Which is Better for International Payments in Indonesia: FinTech or Banks?

Rate of Change

It’s no secret that bank fees for cross-border transactions can pile up quickly and become prohibitively expensive for firms, particularly those who conduct these transactions regularly. FX rate expenses and transaction fees are the two main components of cross-border transaction costs.

Banks with a long history

Banks utilize their own foreign exchange rates, which are frequently higher than the true mid-market rates, resulting in a loss of money for every dollar transmitted through the banks. Banks can make marginal gains when facilitating foreign transactions by having varying buy and sell rates. After all, banks are businesses that need to make money in some way, and this is just one of them.

Indonesian Wallex

Businesses can get mid-market FX rates through Wallex Indonesia. Cross-border transactions should not result in your company losing a lot of money; every dollar you earn is legally yours, and Wallex Indonesia’s FX rates are transparent and accurate, allowing you to get the most out of every dollar.

Fees for Transactions

Banks with a long history

Transaction fees are the following expense encountered while doing cross-border transactions. When transferring money from a business bank account, banks in Indonesia normally charge USD 25 for intermediary bank charges, plus an additional service charge of IDR 50,000. In Indonesia, certain banks charge a percentage of the total amount transferred. The cost of sending money across borders with a bank will pile up over time and repeat transactions, leaving a significant dent in your wallet.

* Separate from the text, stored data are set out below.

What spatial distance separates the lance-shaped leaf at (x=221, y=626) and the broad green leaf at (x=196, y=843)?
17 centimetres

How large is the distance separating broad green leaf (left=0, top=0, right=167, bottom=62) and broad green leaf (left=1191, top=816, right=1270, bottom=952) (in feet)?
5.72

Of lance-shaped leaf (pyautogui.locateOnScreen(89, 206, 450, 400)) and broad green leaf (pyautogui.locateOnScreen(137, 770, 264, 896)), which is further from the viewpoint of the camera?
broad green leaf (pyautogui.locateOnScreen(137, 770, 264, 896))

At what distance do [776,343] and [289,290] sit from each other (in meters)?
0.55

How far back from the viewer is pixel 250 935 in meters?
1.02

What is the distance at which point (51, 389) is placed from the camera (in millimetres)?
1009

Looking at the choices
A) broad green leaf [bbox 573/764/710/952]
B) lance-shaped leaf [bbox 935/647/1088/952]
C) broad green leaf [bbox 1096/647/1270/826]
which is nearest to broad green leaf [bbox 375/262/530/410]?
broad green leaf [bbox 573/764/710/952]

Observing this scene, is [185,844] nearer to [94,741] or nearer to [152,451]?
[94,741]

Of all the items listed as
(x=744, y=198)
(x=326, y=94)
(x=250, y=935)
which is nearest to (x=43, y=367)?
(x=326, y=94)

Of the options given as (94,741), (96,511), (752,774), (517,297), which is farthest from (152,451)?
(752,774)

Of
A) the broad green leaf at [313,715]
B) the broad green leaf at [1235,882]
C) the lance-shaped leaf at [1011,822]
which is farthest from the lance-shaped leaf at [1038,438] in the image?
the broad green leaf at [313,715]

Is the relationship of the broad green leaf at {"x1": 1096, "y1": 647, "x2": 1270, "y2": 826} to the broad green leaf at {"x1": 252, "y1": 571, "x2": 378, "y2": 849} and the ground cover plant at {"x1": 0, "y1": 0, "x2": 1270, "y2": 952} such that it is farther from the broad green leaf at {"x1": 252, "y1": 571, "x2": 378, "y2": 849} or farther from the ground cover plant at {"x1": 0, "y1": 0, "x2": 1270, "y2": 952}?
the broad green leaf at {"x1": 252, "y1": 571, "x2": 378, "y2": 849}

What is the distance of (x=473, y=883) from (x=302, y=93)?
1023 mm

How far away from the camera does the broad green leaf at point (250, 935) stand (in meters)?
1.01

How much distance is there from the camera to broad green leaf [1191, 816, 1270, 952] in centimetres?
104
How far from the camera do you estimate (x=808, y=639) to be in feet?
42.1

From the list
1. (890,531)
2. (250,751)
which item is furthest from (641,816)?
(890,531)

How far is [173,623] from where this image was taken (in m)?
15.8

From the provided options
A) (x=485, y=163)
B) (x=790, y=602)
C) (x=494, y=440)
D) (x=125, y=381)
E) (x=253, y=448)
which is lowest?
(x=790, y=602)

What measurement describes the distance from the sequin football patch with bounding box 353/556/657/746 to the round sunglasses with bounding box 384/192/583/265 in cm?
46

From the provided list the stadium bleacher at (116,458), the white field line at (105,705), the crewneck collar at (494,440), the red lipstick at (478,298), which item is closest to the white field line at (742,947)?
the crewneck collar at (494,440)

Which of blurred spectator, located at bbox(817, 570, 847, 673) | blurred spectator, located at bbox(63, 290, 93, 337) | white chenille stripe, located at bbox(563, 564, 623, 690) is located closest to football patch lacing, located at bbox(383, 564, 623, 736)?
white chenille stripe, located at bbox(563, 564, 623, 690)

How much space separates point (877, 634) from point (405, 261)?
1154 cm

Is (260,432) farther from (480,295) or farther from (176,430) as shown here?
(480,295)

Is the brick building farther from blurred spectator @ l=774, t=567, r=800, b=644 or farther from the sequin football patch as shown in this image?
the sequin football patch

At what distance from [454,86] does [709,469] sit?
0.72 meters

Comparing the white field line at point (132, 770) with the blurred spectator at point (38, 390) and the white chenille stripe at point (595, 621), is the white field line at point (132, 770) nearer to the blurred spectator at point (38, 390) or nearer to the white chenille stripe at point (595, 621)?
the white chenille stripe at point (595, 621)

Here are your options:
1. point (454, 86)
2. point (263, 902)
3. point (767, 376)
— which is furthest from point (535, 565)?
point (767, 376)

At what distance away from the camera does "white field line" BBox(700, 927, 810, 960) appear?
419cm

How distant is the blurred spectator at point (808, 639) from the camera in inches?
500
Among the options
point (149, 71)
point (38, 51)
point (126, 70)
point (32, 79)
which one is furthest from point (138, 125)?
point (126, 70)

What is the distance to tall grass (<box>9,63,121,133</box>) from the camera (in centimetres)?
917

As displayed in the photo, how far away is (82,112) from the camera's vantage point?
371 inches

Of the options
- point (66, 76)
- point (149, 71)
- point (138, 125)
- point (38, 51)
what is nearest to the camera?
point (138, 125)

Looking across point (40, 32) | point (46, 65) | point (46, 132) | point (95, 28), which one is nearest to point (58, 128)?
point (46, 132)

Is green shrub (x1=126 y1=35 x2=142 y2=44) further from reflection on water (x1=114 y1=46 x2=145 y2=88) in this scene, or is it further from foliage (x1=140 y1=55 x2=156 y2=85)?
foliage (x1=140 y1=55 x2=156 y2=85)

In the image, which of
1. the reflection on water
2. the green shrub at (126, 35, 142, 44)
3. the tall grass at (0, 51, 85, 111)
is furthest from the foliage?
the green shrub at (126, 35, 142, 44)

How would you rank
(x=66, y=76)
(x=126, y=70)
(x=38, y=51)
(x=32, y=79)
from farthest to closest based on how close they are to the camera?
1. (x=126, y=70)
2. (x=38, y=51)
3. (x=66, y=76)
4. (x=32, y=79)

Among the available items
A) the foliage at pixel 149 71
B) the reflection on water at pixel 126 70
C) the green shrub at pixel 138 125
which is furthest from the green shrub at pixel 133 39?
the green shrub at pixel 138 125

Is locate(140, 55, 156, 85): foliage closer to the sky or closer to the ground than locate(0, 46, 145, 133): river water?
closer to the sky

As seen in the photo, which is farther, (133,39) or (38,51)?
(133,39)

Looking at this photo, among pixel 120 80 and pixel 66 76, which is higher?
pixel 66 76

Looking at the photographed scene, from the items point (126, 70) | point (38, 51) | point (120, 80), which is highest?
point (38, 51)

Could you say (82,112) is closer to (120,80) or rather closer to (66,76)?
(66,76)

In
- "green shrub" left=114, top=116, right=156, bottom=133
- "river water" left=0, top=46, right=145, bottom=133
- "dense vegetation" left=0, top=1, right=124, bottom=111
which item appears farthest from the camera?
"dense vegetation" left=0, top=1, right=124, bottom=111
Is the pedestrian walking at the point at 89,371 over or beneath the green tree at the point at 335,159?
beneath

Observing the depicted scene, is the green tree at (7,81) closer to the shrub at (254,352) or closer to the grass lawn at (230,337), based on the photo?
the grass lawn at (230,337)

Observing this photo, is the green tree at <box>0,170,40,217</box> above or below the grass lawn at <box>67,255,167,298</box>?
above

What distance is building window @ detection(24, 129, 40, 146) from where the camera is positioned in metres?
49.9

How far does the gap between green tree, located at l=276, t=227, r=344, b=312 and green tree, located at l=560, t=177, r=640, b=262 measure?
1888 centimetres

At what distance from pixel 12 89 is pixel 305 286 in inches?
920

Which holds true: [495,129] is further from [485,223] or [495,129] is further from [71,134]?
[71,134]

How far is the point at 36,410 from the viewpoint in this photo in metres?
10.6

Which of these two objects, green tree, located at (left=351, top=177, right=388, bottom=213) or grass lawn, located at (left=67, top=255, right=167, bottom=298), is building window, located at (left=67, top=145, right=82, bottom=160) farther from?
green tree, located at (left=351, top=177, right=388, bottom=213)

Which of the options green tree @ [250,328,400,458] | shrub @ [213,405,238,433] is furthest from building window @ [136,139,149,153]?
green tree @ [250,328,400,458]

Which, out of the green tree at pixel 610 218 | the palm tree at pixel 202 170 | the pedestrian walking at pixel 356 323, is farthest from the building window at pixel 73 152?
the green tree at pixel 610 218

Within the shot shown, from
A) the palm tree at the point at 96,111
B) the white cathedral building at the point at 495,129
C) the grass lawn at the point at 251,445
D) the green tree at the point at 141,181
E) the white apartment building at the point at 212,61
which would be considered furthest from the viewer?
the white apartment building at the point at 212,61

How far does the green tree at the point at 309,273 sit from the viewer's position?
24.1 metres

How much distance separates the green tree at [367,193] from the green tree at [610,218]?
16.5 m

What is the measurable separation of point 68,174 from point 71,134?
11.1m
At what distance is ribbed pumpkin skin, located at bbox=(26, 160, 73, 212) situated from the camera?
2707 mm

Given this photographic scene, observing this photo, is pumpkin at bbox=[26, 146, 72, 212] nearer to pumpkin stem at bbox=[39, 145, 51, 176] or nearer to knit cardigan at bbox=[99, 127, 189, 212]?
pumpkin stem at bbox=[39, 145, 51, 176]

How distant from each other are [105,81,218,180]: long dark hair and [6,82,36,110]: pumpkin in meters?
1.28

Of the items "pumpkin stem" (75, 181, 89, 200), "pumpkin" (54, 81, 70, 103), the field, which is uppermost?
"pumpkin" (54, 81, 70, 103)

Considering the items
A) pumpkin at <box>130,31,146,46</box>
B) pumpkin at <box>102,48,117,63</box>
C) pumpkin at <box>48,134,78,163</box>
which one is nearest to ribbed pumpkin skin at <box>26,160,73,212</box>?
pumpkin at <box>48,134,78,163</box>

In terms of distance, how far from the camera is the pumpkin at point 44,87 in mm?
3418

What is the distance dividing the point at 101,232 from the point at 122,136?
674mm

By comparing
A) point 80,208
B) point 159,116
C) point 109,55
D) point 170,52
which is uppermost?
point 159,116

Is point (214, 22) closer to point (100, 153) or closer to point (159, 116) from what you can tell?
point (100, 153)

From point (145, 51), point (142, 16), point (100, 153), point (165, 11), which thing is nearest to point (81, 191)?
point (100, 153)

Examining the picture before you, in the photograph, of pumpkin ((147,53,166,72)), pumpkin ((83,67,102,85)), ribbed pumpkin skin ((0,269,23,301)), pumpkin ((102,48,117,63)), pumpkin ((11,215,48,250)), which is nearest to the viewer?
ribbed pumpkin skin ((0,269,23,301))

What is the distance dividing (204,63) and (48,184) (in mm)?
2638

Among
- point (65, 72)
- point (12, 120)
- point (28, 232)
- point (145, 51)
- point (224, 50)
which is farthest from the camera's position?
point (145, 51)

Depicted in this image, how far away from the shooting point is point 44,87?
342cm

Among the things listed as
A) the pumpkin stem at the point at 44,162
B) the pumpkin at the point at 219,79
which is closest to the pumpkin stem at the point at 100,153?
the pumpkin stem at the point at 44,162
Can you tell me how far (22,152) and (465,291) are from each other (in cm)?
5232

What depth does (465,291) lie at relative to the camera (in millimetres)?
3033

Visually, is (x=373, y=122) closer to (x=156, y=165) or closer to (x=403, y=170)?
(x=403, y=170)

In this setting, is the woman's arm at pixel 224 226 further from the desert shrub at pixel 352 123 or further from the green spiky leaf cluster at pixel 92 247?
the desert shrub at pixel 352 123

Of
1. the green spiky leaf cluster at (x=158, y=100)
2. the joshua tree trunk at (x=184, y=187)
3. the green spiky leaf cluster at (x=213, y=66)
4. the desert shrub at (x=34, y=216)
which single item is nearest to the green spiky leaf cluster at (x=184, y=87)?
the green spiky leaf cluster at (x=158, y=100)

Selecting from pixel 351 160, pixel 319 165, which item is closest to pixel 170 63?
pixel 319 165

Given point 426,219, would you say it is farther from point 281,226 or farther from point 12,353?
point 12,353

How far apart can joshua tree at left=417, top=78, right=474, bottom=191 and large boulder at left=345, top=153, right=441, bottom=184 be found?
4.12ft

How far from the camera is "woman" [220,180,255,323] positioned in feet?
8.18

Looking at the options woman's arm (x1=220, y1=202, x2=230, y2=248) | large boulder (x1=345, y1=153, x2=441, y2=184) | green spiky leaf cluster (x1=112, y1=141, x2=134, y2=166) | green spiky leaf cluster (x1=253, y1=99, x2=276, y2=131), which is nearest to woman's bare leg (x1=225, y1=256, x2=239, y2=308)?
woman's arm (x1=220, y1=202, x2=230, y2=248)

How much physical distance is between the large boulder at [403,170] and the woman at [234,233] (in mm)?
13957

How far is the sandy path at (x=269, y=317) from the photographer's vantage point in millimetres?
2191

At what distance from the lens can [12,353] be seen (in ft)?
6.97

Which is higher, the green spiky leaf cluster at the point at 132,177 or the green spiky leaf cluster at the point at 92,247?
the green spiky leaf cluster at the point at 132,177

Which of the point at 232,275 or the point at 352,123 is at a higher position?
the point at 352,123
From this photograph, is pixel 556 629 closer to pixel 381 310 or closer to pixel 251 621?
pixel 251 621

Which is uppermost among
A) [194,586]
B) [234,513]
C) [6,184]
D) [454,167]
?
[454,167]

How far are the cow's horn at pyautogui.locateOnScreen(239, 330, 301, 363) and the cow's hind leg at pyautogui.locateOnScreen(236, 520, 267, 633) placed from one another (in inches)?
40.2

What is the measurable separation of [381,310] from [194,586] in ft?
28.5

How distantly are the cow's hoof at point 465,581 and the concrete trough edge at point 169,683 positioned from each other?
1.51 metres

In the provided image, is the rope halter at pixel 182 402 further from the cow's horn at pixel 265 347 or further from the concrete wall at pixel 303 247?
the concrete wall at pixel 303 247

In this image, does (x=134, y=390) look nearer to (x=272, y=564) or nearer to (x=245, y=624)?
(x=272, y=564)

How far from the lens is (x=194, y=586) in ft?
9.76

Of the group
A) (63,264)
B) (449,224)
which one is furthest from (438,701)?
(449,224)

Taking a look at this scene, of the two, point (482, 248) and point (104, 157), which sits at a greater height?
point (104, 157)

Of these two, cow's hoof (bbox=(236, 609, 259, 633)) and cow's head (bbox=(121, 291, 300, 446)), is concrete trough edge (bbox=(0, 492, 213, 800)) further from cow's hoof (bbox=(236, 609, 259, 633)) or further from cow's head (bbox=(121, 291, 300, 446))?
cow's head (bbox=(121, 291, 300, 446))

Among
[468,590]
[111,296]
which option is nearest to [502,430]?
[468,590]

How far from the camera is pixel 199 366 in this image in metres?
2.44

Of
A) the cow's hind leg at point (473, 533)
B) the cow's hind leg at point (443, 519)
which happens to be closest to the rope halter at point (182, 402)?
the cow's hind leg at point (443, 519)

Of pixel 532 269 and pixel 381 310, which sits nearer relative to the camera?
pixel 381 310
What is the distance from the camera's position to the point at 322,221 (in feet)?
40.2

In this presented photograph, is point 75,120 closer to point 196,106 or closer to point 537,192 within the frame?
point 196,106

Banks in Indonesia frequently charge monthly administration fees for business bank accounts.

Indonesian Wallex

Wallex Indonesia, on the other hand, levies a flat cost of IDR 100,000 for every transaction. There are no percentage-based fees, therefore transfers involving big sums of money won’t be prohibitively expensive. When combined with the fact that there is no maximum transfer amount, your potential savings increase proportionally to the amount of money transmitted. Furthermore, there is no monthly administration cost with Wallex Indonesia, so you’ll have one less maintenance expense to worry about when you use Wallex Indonesia.


It’s crucial to understand how banks transfer money across borders in order to understand the transfer speeds they provide. SWIFT is used by banks all across the world to move money from one country to another, and Indonesian institutions are no exception. SWIFT is a payment network that enables businesses and people to receive and send payments even if the other party uses a different bank. Each network member institution is assigned a unique ID code that allows banks to connect with one another and ease transactions.

Indonesian Speed Wallex

Transfers out of Indonesia are simple and worry-free with Wallex Indonesia. Our technology connects companies to a global network of payment partners, removing the need for middlemen. The ultimate effect is straightforward: enjoy faster processing times while avoiding unneeded expenses. With our platform, a transfer from Indonesia to Singapore can be completed in as little as a day, giving your company more time to focus on the important things.

Wallex Makes Cross-Border Payments Easier

With Wallex, you can expand your business and streamline your payments. Get in touch with one of our FX experts to find out how we can help you save time and money as you grow your company.